Artichoke is wonderful as a snack or a starter for a big meal. Many people stress the importance of removing the prickly leaves. I say that adds a nice and dangerous aspect too the meal. Here I serve them with a nice, wild garlic mayonnaise, but artichokes are wonderful with other sauces as well: melted butter with herbs, vinaigrette and hollandaise are among the classics. I use a small pinch of baking soda in the water to retain the color of the artichoke. The wild garlic mayonnaise can also be made with a combination of garlic and chives.
For the sauce: In a balance bowl (or other large bowl), whisk together egg yolk and mustard. Whisk until smooth, and the color of the mixture lighten lightly. While whisking energetically, add a little of the oil; drop by drop. Make sure the oil integrates in the mixture before adding more. When the mixture starts to thicken, increase the amount of oil. When about half the oil is integrated, whisk in the lemon juice, and continue with the rest of the oil. If the oil starts coating the surface of the mixture, rather then blending into it, immediately stop adding oil, and keep whisking. (If the sauce still does not go together, try adding a tablespoon of hot water and whisk some more.

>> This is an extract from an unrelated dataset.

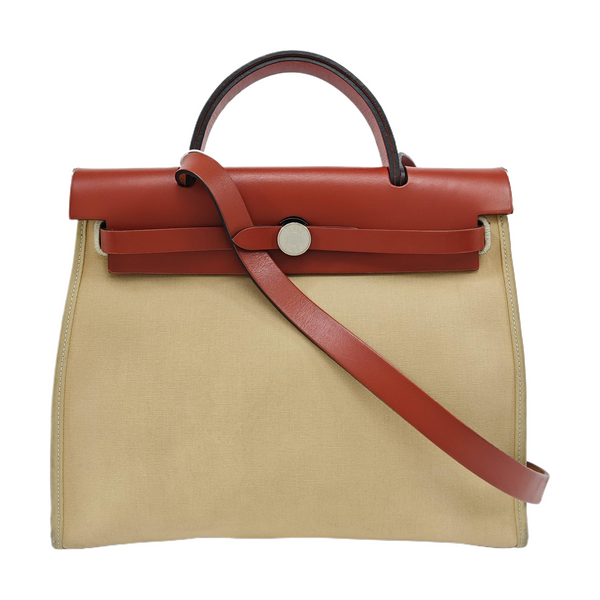 Herbag 31 Canvas Gray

If this still does not help, try starting from bottom with one egg yolk and mix the broken sauce little by little into it – careful this time!)
For the artichoke: Place the artichokes in a large pot and fill with cold water. Remove the artichokes and place the pot over medium high heat. (In this way you get exactly as much water as possible into the pot, without having it pour over.) Add salt and baking powder and replace the artichokes. The baking powder neutralizes the ph level in the water; if it’s even slightly acidic, the vegetables will loose their fresh, green color. Place a small oven-proof dish – or lid, plate or the like – on top of the artichokes, so that they’re prevented from floating. Cover and boil for 25 to 30 minutes. The artichoke is finished when the leaf loosens when lifting the vegetable by the leaf. Strain and serve hot.